② ドライブレコーダーの解析で事実が判明
逮捕後に映像を解析したところ、実際の運転者は別の男性であることが明らかになりました。
副署長は「確認が不十分だった」とコメントしており、初動対応の甘さが浮き彫りになっています。
書類送検された2人の容疑とは?
誤認逮捕後、2人はそれぞれ異なる容疑で書類送検されました。
実際に運転していた男性
・酒気帯び運転(道路交通法違反)
・当て逃げの疑い
飲酒後の運転は厳しく処罰され、酒気帯び運転は最大で3年以下の懲役または50万円以下の罰金が科される可能性があります。
身代わりをした男性
・犯人隠避の疑い(虚偽申告)
自ら身代わりとなり虚偽の供述をした行為は、刑法の「犯人隠避罪」に該当する可能性があります。

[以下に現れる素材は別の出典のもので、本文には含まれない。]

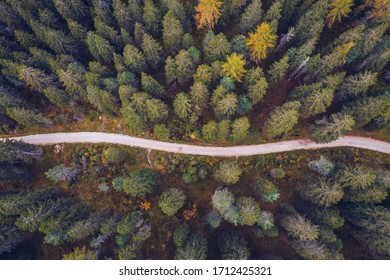 Scenic aerial view of a winding trekking path in a forest. Trekking path in the forest from above, drone view. Aerial top view of a trail in the middle of a forest. Aerial view of footpath in forest. - Powered by Shutterstock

調べに対し、2人はいずれも容疑を認めていると報じられています。
誤認逮捕の法的責任と補償はどうなる?
誤認逮捕が発生した場合、国家賠償請求の対象となる可能性があります。
警察の過失により違法な逮捕が行われた場合、精神的苦痛に対する慰謝料請求が認められるケースがあります。
ただし今回の場合、
・本人が虚偽の申告をしていた
・逮捕は短時間で釈放された
という事情があり、賠償が認められるかは慎重な判断が必要です。
過去の誤認逮捕事例では数十万円〜数百万円の賠償が命じられたケースもありますが、本件は特殊な事情を含んでいます。

再発防止策は十分か?
金沢中警察署の牧良一副署長は、「再発防止に向けて指導・教養を徹底する」とコメントしています。
しかし、
・現場判断のチェック体制
・映像確認の迅速化
・供述依存からの脱却
など具体的な改善策が求められます。
近年はドライブレコーダーの普及により客観証拠が増えています。
警察の捜査手法も、それに合わせた進化が必要といえるでしょう。
ネット上での反応と声
ネット上では、今回の誤認逮捕について、様々な意見が見られます。
・「供述だけで逮捕は危険」
・「身代わりをした本人にも問題がある」
・「確認不足は警察の責任」
・「ドラレコがなければどうなっていたのか」
特に、
・「もしドライブレコーダーがなければ誤認逮捕が確定していた可能性がある」
という指摘は多く、客観証拠の重要性が改めて注目されています。

まとめ
今回の金沢中警察署による誤認逮捕事件は、
・飲酒運転
・当て逃げ
・身代わりによる虚偽申告
・供述依存による誤認逮捕
という複数の問題が絡み合ったケースでした。
誤認逮捕は警察の信頼を揺るがす重大な問題です。
一方で、身代わり行為や虚偽申告も刑事責任を問われる重大な犯罪です。
今回の事件は、「確認の徹底」と「客観証拠の重視」の重要性を改めて示すものとなりました。
今後、同様の誤認逮捕を防ぐための具体的な再発防止策がどこまで実行されるのか、引き続き注目が集まることでしょう。
※記事内の画像にはイメージが含まれてます。